From the table above, en_US.twitter.txt has the most number of lines, however since each tweet is relatively short, the Twitter word count is not as high as the Blogs word count. en_US.blogs.txt has the highest average word count per line and also the highest word count overall in the .txt file.

Remove profane words from each file

Profanity should be removed from each of the three files, since profane words will not be included in the prediction model. A list of profane words is obtained from: List of Profane Words

After the profane words are removed, calculations are performed to express the number of profane words removed from each file and what percentage of words are removed.

library(tm)

# Create list of profane words from the github link above
profane <- read.table("profanity.txt",sep="\n")$V1

# Remove profanities from News and calculate the number of profanities removed. Additionally, express the number of 
# profanities removed as a percentage 
USNews_all_NoProf <- removeWords(USNews_all,profane)
numWordsNews_NoProf <- sum(sapply(strsplit(USNews_all_NoProf,"\\s+"), length))
numWordsNews_removed <- numWordsNews - numWordsNews_NoProf
numWordsNews_Premoved <- numWordsNews_removed/numWordsNews*100

# Remove profanities from Blogs and calculate the number of profanities removed. Additionally, express the number of 
# profanities removed as a percentage 
USBlogs_all_NoProf <- removeWords(USBlogs_all,profane)
numWordsBlogs_NoProf <- sum(sapply(strsplit(USBlogs_all_NoProf,"\\s+"), length))
numWordsBlogs_removed <- numWordsBlogs - numWordsBlogs_NoProf
numWordsBlogs_Premoved <- numWordsBlogs_removed/numWordsBlogs*100

# Remove profanities from Twitter and calculate the number of profanities removed. Additionally, express the number of 
# profanities removed as a percentage 
USTwitter_all_NoProf <- removeWords(USTwitter_all,profane)
numWordsTwitter_NoProf <- sum(sapply(strsplit(USTwitter_all_NoProf,"\\s+"), length))
numWordsTwitter_removed <- numWordsTwitter - numWordsTwitter_NoProf
numWordsTwitter_Premoved <- numWordsTwitter_removed/numWordsTwitter*100

Create a table of the number of profane words removed in each file, expressed as an absolute number and also as a percentage of the original number of words:

# Make a table of profanities removed and percentage removed for each of the three files
numWords <- matrix(c(numWordsNews_removed,numWordsBlogs_removed,numWordsTwitter_removed,numWordsNews_Premoved,numWordsBlogs_Premoved,numWordsTwitter_Premoved),ncol=2, byrow=FALSE)
colnames(numWords) <- c("Words Removed","Percent Removed (%)")
rownames(numWords) <- c("News","Blogs","Twitter")
numWords <- as.table(format(numWords,scientific=FALSE,digits=1))
numWords
##         Words Removed Percent Removed (%)
## News      470.00          0.02           
## Blogs   18073.00          0.05           
## Twitter 72927.00          0.24

From the above table, as expected there are very few profane words removed from en_US.news.txt and en_US.blogs.txt, but a relatively high 0.24% of words classified as profanity have been removed from en_US.twitter.txt. This is most likely due to News and Blog sites containing more professional content where there are less profanities used.
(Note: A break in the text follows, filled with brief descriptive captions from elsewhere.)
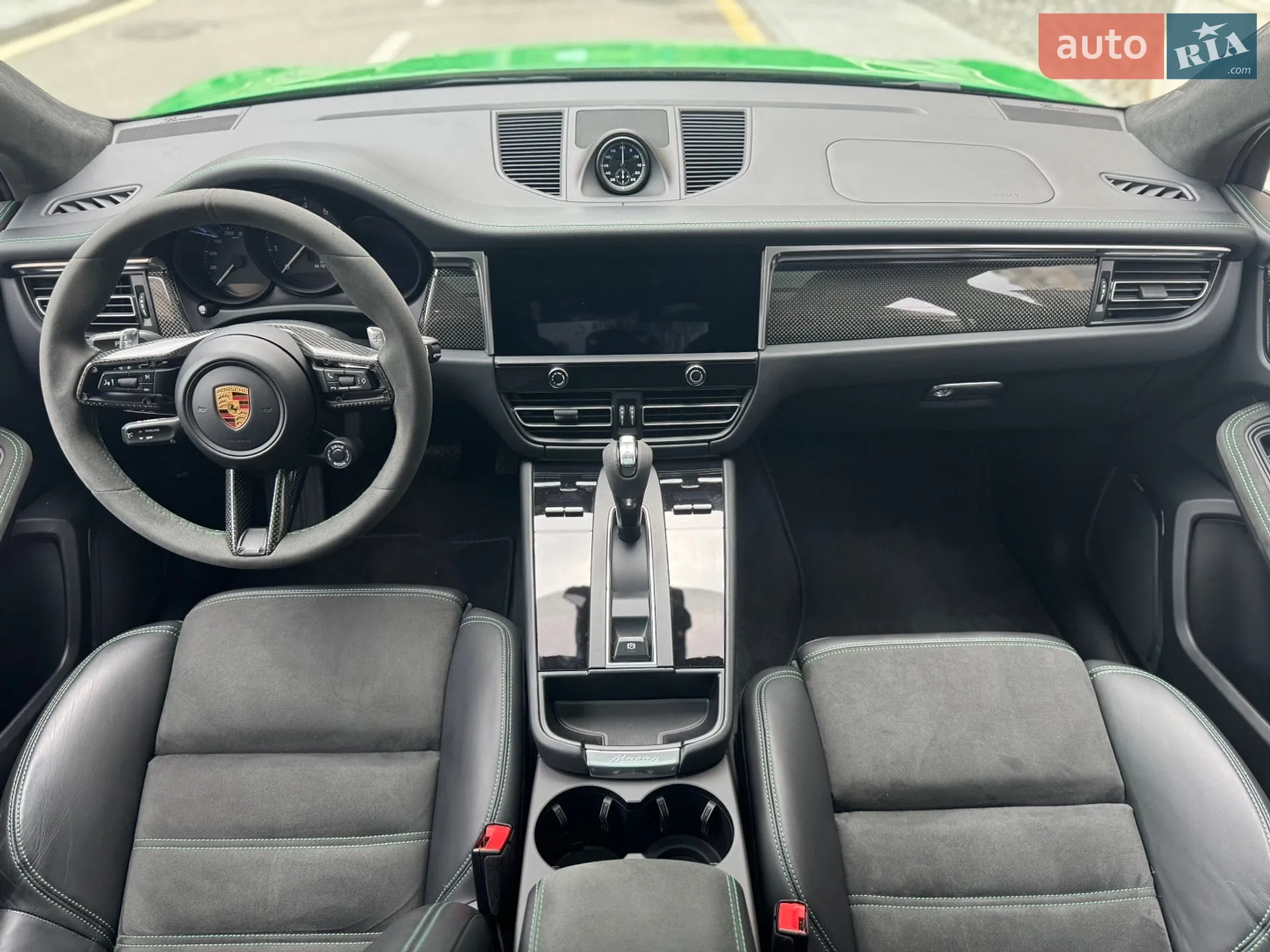 2021 Porsche Macan - мініатюра 18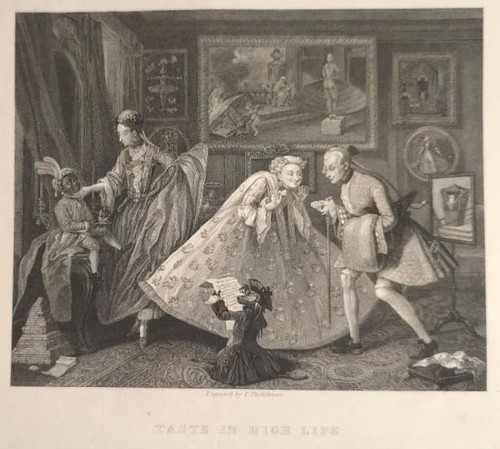 1840 hogarth antica - 1840, w.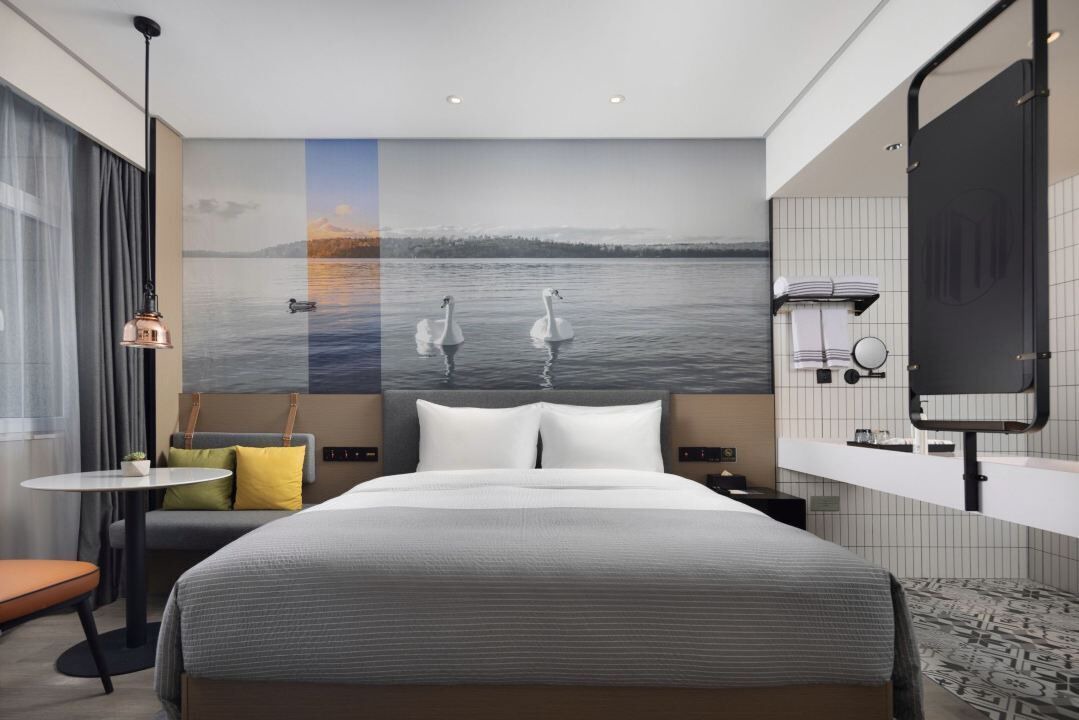 Photo of Bedroom in Hubin District
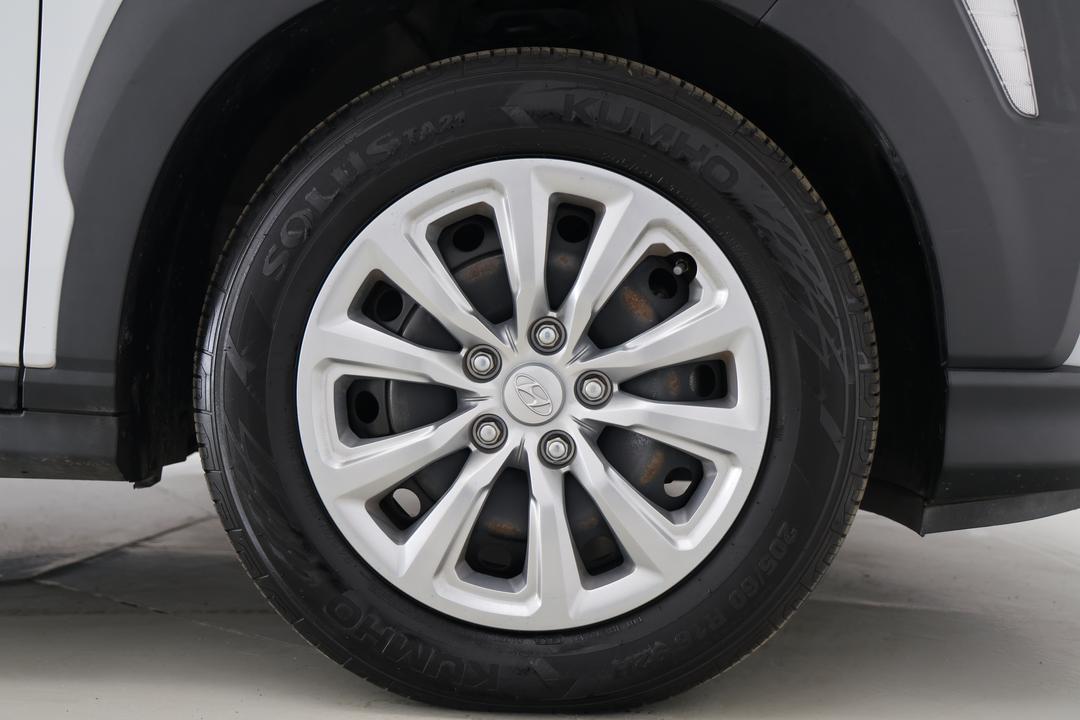 2019 Hyundai Kona Go (FWD), Automatic, 60481 km, Right Front Wheel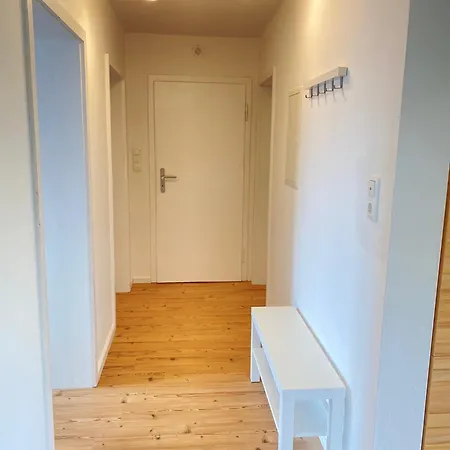 Monteurwohnung 3 Schlafzimmer, 6 Einzelbetten, Og, Zentral * Freyung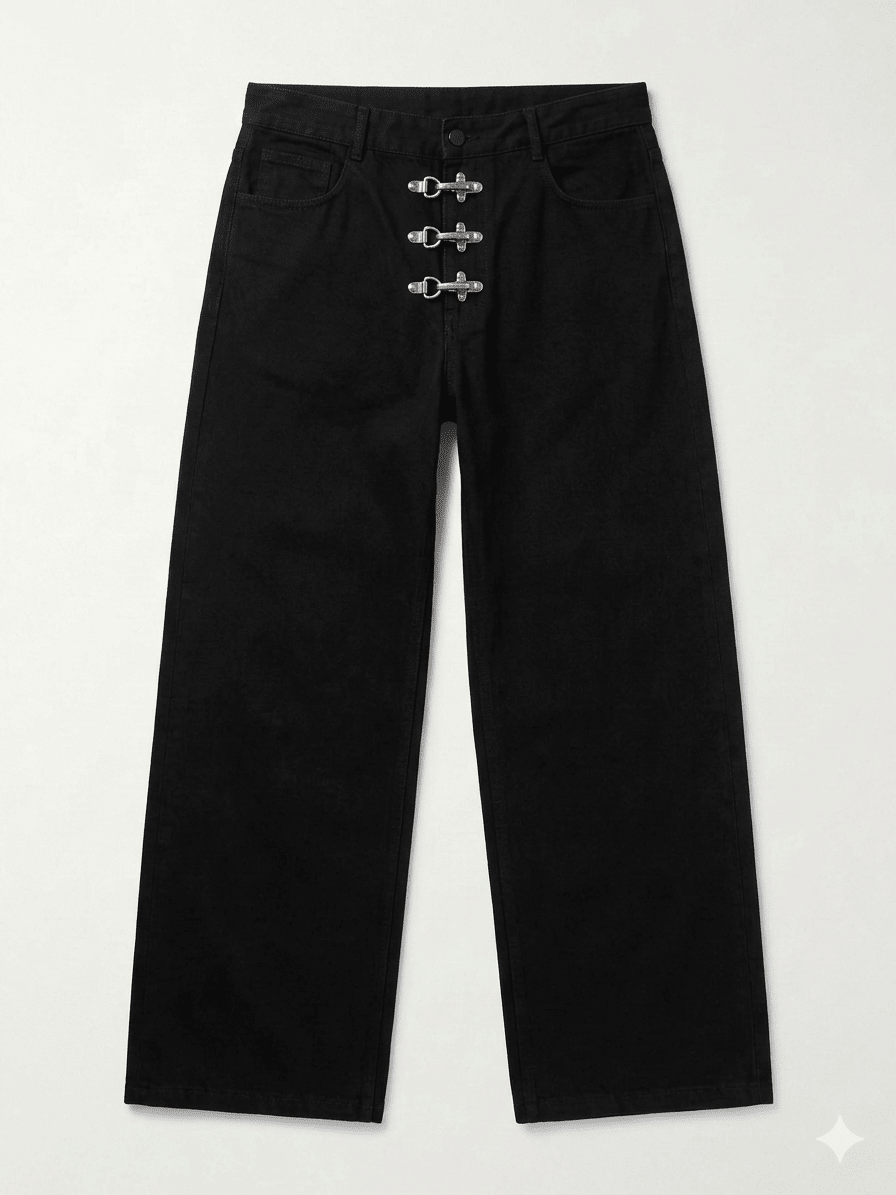 DESERT LAB – LOCK DENIM - Desert Lab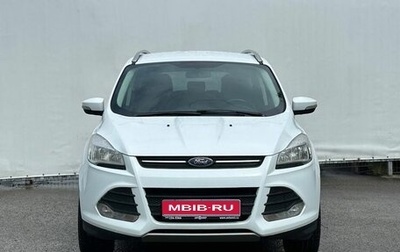 Ford Kuga III, 2016 год, 1 370 000 рублей, 1 фотография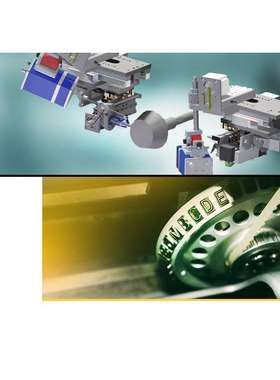 Borries打标机打码机刻头100035960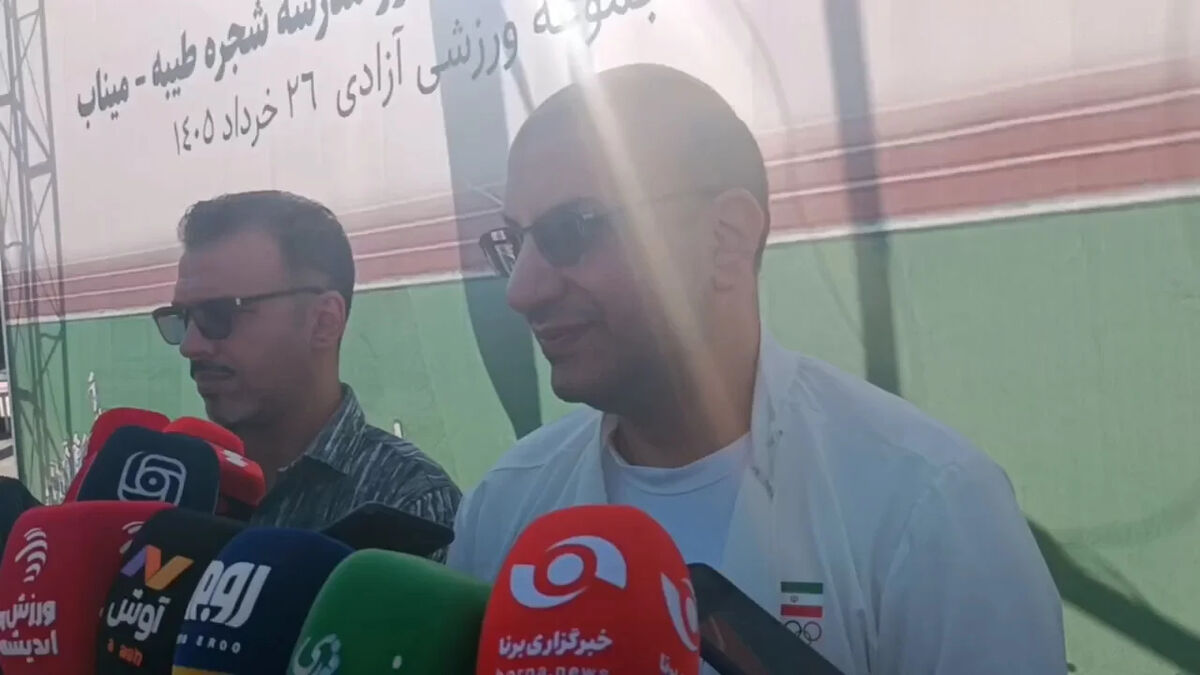 علی نژاد: با وجود جنگ و بمباران، بهترین نتیجه تاریخ را در سانیا گرفتیم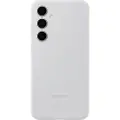 Samsung Silicone Case Samsung Galaxy S24 Fe Grå
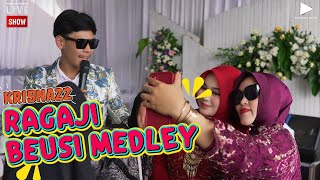 Download lagu RAGAJI BEUSI MED AYUN PUNTANG - KRISNAZZ | LIVESHOW PARONGPONG mp3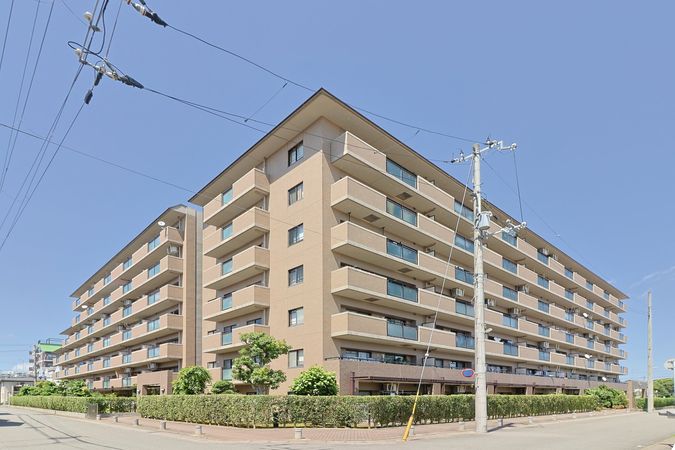 K-City桂川Ⅰ番館 外観 K-City桂川Ⅰ番館 外観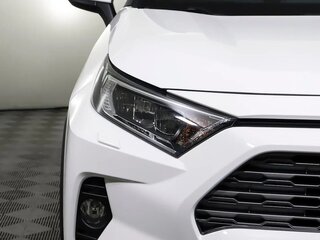 2019 Toyota RAV4 V (XA50), белый, 2700000 рублей, вид 4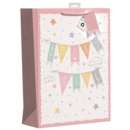 GIFT BAG,Baby Girl (Extra Large)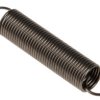 Sprężyny rozciągane długość 38.5mm średnica zew 7.5mm średnica liny 0.7mm RS PRO Stalowe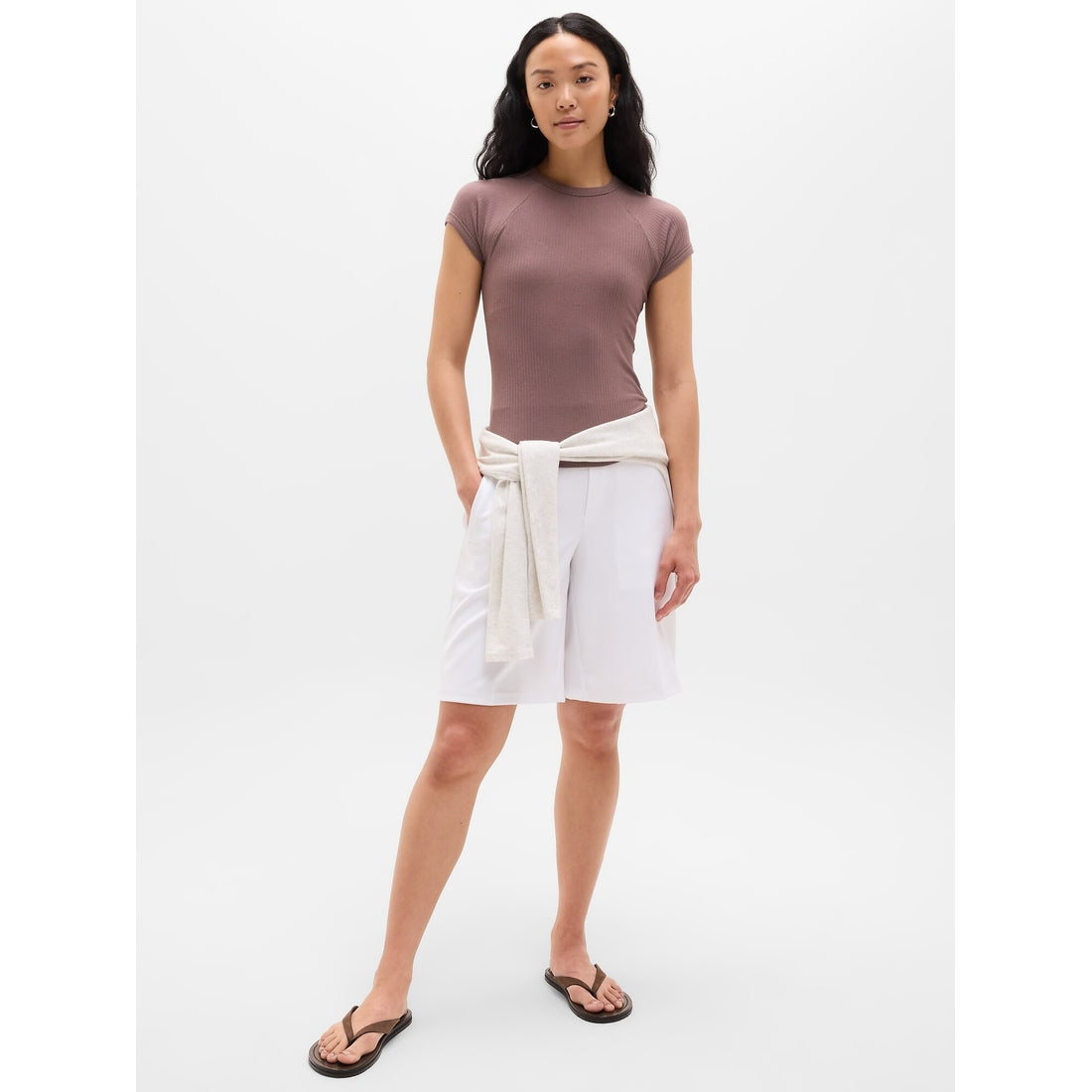 Women's Perfect Rib Tee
Remove special characters from each file

Remove non-standard characters from each file, such as right single quotation marks, em dash and en dash.

library(qdap)

# Remove special characters using their Unicode code point
USNews_all_NoProf <- multigsub(c("\u201C","\u201D","\u2013","\u2014","\u2019"),c("","","","",""),USNews_all_NoProf)
USBlogs_all_NoProf <- multigsub(c("\u201C","\u201D","\u2013","\u2014","\u2019"),c("","","","",""),USBlogs_all_NoProf)
USTwitter_all_NoProf <- multigsub(c("\u201C","\u201D","\u2013","\u2014","\u2019"),c("","","","",""),USTwitter_all_NoProf)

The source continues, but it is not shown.